Benim kanaatim İsrail’in aleyhine bir kararın çıkma ihtimali olduğudur. Çünkü her şey o kadar açık ki gözlerimizin önünde yaşanıyor hâlâ tüm vahşetler. Ağzını açan her İsrailli yetkili, biz Hamas’ı yok edeceğiz, Gazze’yi dümdüz edeceğiz, Gazze’ye atom bombası atılmalı, susuz ve elektriksiz bırakılmalı Gazzeliler, onlar da suçludur şeklinde demeçler vermekteler. Yani göstere göstere bunları yapıyorlarken, soykırım olmadığını söylemek için, insanın hakikaten aklını kaybetmiş olması lazım. Ben Mahkeme’nin bu riske gireceğini düşünmüyorum. Çünkü böyle bir karar alması, Uluslararası Adalet Divanı’nın meşruiyetini sorgulamaya iter. Zaten BM Güvenlik Konseyi’nin meşruiyeti giderek sorgulanıyor. Bu muhtemelen BM sisteminin çöküşünü de hızlandıracak bir gelişme olur.
Ben orada yargıç olsam böyle bir karar almam. Benim kanaatim göstere göstere soykırım yok demeyecekleri yönünde. Kendi adıma birtakım tedbir alacaklarını ümit ediyorum. Almazlarsa da mahkeme kendi ayağına kurşun sıkmış olur.
DİVAN SOYKIRIM YAPILDIĞINA HÜKMEDERSE, İSRAİLLİ YETKİLİLERİN ULUSLARARASI CEZA MAHKEMESİ’NDE YARGILANMALARI DAHA MÜMKÜN OLACAKTIR
Eğer soykırım olduğu saptaması olursa, Uluslararası Ceza Mahkemesi’nin İsrailli yetkileri yargılaması çok daha mümkün olacaktır. Biliyorsunuz Uluslararası Ceza Mahkemesi ayrı bir mahkeme. Çünkü Ceza Mahkemesi’nde devletlerin değil, bireylerin yargılanması söz konusu. Şimdi burada eğer ki soykırım kararı çıkarsa, mahkemeden birkaç sene sonra tabii olacak bu, ihtiyati tedbir karar alınması da bir bakıma orada soykırım olduğunu ihsas ediyor demek olacaktır. Divan’ın ihtiyati tedbir kararı alması, en azından soykırıma dair bir kanaati olduğunu da bize gösterecektir.

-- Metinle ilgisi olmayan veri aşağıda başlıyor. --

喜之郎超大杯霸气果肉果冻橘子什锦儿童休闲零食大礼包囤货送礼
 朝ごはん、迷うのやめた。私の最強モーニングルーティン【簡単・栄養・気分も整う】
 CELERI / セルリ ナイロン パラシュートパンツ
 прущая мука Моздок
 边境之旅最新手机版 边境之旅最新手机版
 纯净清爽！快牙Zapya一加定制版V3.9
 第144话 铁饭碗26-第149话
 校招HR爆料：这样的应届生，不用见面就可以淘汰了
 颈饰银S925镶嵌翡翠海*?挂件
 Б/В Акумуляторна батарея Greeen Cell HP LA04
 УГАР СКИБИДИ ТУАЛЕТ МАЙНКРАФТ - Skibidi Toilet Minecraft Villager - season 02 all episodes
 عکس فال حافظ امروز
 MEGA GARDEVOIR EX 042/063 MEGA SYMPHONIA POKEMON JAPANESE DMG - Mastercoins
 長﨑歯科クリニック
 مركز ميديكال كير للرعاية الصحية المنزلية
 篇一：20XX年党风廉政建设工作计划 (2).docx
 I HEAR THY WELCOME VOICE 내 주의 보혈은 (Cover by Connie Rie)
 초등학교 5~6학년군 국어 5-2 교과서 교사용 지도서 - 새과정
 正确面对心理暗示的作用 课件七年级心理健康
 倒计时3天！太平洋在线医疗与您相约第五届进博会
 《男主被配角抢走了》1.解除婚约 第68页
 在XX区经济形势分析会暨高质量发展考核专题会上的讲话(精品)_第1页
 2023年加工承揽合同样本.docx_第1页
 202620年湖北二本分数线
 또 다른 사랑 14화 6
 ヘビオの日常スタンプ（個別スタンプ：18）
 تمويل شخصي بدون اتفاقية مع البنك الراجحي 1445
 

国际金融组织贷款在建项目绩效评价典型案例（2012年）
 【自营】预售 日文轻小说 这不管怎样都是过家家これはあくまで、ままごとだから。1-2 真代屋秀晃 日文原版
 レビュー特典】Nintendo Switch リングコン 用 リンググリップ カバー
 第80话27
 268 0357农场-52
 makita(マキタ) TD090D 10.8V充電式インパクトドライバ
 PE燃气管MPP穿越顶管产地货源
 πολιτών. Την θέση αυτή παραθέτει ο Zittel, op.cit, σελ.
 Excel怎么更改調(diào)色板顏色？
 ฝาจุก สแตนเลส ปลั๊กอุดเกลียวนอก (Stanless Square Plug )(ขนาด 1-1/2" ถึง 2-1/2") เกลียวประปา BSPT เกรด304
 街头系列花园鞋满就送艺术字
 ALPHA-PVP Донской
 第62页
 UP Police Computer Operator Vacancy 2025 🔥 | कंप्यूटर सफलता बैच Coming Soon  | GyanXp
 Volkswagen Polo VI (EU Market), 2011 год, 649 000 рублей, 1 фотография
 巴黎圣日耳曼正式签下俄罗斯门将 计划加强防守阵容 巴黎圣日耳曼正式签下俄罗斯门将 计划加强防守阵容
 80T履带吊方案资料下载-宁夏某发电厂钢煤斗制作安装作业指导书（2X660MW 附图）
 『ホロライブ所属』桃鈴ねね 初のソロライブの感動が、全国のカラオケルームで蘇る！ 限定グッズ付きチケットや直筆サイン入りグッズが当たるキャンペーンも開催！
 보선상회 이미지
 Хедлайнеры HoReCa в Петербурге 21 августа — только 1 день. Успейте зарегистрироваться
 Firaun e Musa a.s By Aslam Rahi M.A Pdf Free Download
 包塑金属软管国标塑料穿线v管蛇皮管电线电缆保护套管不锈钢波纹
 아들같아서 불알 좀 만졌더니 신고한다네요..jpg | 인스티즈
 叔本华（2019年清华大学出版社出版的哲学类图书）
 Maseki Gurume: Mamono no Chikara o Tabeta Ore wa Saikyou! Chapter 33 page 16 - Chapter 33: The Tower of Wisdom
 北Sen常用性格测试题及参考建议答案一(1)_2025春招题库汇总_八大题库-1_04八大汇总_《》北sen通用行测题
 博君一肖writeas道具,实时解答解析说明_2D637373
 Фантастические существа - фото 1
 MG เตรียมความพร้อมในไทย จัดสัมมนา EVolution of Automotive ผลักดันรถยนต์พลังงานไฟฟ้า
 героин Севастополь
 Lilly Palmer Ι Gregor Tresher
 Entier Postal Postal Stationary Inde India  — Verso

Böyle bir durumda Uluslararası Ceza Mahkemesi daha cesur davranacaktır. Açık söyleyeyim, bugüne kadar Ceza Mahkemesi ne yazık ki ipe un sermekle meşguldü. Çünkü İsrail’den korktukları belli. Başsavcı da dâhil olmak üzere İngiltere’nin baskı uyguladığı konuşuluyor. İngiltere Mahkeme’nin İsrail aleyhine ve İsrailli yetkililer aleyhine karar vermesini engellemeye çalıştığına dair iddialar söz konusu. Fakat Uluslararası Adalet Divanı bütün dünyanın arkasında olduğunu bilerek çok daha cesur davranacaktır. Bu durumda da şahsi olarak pek çok İsrailli yetkilinin Uluslararası Ceza Mahkemesi tarafından yargılanması ve mahkûm edilmesi de böylelikle mümkün olabilir diye düşünüyorum.